大野町向野にある沢村家の水田の畦地に「無名戦死者の墓」がある。明治元年(1868年)から翌二年に行われた箱館戦争戦死者の墓である。
大野村は、箱館戦争の拠点の一つとなった。当時市渡村(現在は大野町の一部)の名主は、沢村久之丞であった。箱館戦争勃発と同時に、榎本軍が陣を構えるなど、否応なしに戦争の渦中に巻き込まれ、名主として大変苦労したという。

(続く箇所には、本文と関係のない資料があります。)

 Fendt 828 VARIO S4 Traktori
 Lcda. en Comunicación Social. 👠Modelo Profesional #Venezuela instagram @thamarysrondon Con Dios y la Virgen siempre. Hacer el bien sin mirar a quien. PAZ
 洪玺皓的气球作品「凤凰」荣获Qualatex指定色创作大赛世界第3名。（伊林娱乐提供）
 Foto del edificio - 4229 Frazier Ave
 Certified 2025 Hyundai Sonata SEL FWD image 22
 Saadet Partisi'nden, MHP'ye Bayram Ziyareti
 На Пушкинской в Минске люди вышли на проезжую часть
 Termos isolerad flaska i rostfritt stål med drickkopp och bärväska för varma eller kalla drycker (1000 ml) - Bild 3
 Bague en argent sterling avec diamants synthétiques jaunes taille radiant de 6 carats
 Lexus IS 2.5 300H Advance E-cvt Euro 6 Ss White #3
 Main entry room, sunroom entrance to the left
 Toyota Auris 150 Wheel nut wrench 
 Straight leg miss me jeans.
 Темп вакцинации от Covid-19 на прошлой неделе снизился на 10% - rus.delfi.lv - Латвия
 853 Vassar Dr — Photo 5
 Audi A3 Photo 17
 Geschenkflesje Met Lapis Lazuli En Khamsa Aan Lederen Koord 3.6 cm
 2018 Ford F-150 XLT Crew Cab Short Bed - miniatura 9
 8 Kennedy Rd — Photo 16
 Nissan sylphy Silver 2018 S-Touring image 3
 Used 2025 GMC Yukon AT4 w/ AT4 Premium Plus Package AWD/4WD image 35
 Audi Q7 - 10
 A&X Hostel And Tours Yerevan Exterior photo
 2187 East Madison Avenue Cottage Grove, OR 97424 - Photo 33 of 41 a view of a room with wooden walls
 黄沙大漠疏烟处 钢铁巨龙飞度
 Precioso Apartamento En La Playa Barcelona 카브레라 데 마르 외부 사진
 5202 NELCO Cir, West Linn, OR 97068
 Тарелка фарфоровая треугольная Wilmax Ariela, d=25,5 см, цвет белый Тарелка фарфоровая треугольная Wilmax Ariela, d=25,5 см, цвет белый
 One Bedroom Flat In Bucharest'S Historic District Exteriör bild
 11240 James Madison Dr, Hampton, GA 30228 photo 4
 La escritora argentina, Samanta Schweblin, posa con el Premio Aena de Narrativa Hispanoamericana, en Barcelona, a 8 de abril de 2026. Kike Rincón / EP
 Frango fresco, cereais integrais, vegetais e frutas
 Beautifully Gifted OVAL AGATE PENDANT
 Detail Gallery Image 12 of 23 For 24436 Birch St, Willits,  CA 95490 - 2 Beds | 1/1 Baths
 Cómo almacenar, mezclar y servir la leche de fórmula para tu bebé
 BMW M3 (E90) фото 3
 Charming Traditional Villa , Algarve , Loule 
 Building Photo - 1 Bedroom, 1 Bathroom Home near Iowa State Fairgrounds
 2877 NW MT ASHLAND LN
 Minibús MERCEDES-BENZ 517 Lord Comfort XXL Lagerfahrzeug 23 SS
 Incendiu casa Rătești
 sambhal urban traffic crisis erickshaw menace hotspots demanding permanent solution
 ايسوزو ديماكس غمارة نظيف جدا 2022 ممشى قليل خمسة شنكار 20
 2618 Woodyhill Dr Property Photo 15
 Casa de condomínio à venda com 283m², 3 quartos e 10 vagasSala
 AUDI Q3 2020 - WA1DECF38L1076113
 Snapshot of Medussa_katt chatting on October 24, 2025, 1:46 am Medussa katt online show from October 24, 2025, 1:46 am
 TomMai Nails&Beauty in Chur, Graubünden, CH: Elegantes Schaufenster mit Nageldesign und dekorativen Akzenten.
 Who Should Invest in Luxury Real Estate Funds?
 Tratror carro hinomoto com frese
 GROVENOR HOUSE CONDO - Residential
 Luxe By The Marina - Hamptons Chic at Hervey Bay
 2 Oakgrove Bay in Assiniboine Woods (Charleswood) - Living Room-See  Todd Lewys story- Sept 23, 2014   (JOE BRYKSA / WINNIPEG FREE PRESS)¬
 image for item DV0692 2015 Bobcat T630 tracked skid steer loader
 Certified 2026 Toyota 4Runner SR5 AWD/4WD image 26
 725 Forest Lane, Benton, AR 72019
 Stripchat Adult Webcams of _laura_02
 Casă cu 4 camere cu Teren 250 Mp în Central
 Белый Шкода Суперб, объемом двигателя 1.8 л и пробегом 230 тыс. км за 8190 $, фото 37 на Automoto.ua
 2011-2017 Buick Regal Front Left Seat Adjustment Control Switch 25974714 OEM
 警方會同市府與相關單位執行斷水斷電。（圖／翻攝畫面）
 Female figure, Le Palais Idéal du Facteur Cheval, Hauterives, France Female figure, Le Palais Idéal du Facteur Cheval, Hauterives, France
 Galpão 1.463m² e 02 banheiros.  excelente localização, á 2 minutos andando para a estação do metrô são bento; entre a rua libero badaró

沢村家は、小川地区(現在は大野町向野)にあったが、間口が十間(約十八メールル)もあり、家の半分は土間(作業場)だったため、明治元年の冬、榎本軍が下二股口(台場山)の陣地を構築の際は、作戦本部に充てられた。その土間には、銃が四、五丁ずつ組んで立てられた。また、沢村家は幹部兵士の宿舎にもなったという。
この一帯は、沢村家の本家や分家が集まる篤農家ぞろいである。畦道の中間に百平方メートルぼと耕作しない広場を作り、直径八十センチぐらいの自然石を置いて、「箱館戦争無名戦士の墓」としてまつっている。毎年八月十三日には、一族そろって供養を続けているが、この戦死者が新政府軍のものか榎本軍のものかもはっきりしていない。